Gates: Microsoft Spent $100M on Security

After suffering a series of security flaws that have shaken customer confidence, Microsoft chairman Bill Gates has taken to e-mail to reassure customers that Microsoft has heavily invested in its “Trustworthy Computing” initiative and is on track to ensure the security of its products.

Writing to about 1 million users who receive one of Microsoft’s customer newsletters, Gates noted that “the development work of more than 8,500 Microsoft engineers was put on hold” while the company analyzed what amounted to “millions of lines of Windows source code.”

The “standdown,” Gates wrote, took two months and cost Microsoft in excess of US$100 million as the company put its engineers and other employees through “special training in writing secure software.” Similar efforts are to be applied to Microsoft Office, Visual Studio .NET and other products.

Long Overdue

Some say the move is long overdue.
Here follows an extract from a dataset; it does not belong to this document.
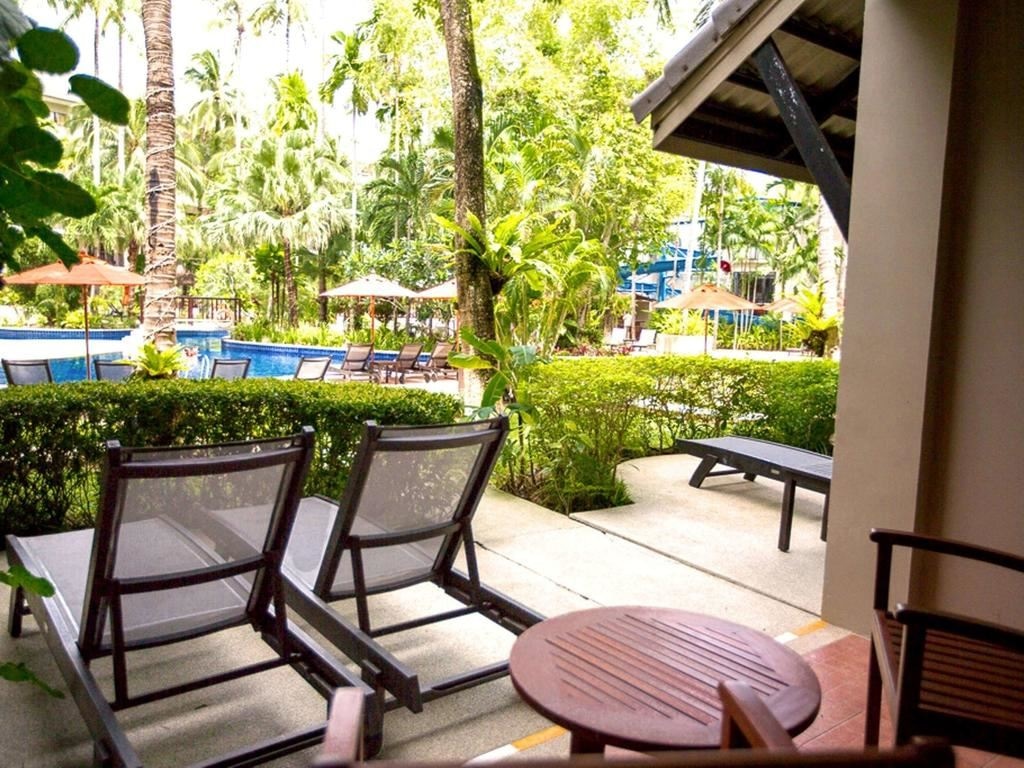 rooms-1-king-1-bunk-standard-family-room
Giga Information Group vice president Julie Giera has told the E-Commerce Times that Microsoft “realizes that without security and user confidence, the potential damage to its market and brand name is tremendously large.”

To create a trustworthy computing environment, Gates said the company must make software code even more secure and reliable and stay ahead of security exploits by distributing updates via the Internet and providing early recovery from problems with “minimal intervention.”

Keeping In Touch

Gates claimed his letter is the first in a series to be penned by himself and CEO Steve Ballmer, as well as by other Microsoft executives, to keep interested users abreast of technology and public policy issues they have identified as important.
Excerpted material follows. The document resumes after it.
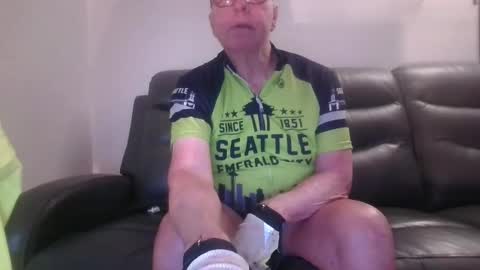 tacrunner66_ online show from May 20, 1:39 pm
Gates acknowledged that in his conversations with customers over the past year security has emerged as a top concern. “They are concerned whether their data is being protected,” said Gates. “They are frustrated that their technology doesnt always work consistently” and are seeking assurances that the industry is working to resolve these problems.

Indeed, attacks against software code in general have cost companies and others $13.2 billion, according to Computer Economics.

The Microsoft chairman said that six months ago he issued a call to action to the company’s 50,000 employees, making a trustworthy computing environment the “highest priority” over the next decade.

Gates envisions computing that is “as reliable as the electricity that powers our homes and businesses today.”

Not There Yet

The company, said Gates, has tried to “eliminate weak links such as passwords and fake e-mail” by employing such technologies as smart cards.

“We’re also working with others throughout the industry to improve Internet protocols [and] to stop e-mail that could propagate misleading information or malicious code that falsely appears to be from trusted senders,” said Gates.

“And, we are making fundamental changes in the way we develop software, in our operational and business practices and in our customer support efforts to make the computing experiences we provide more trustworthy.”

While Microsoft will continue to invest in the new features and functionality that users demand, security improvements have become even more important.

Gates noted that changes to Outlook — blocking email attachments “associated with unsafe files” and preventing access to user address books, as well as giving administrators greater control over e-mail security settings for the enterprise — have already resulted in a dramatic drop in e-mail virus incidents.

Baby Steps

The company will continue to conduct “a rigorous and exhaustive review” of its offerings to identify and “minimize” security threats.

In an effort to create a more secure environment, Microsoft has already taken some critical first steps, Gates said, by changing the way it designs and develops software. “Our new new processes should greatly minimize errors in software and speed up the development process for new products and services,” he said.

Through the Software Update Services tool, IT administrators can now deploy critical updates to Windows 2000-based servers as well as desktops running Windows 2000 Profession and XP Professional. Microsoft has also released a Baseline Security Analyzer to identify security misconfigurations, and the company plans to ship .NET Server 2003 as “secure by default,” Gates said.

“We believe it is critical to provide customers with a foundation that has been configured to maximize security right out of the box.”

That will likely come as a relief to customers who have endured weekly — and sometimes almost daily — reports of Microsoft security vulnerabilities.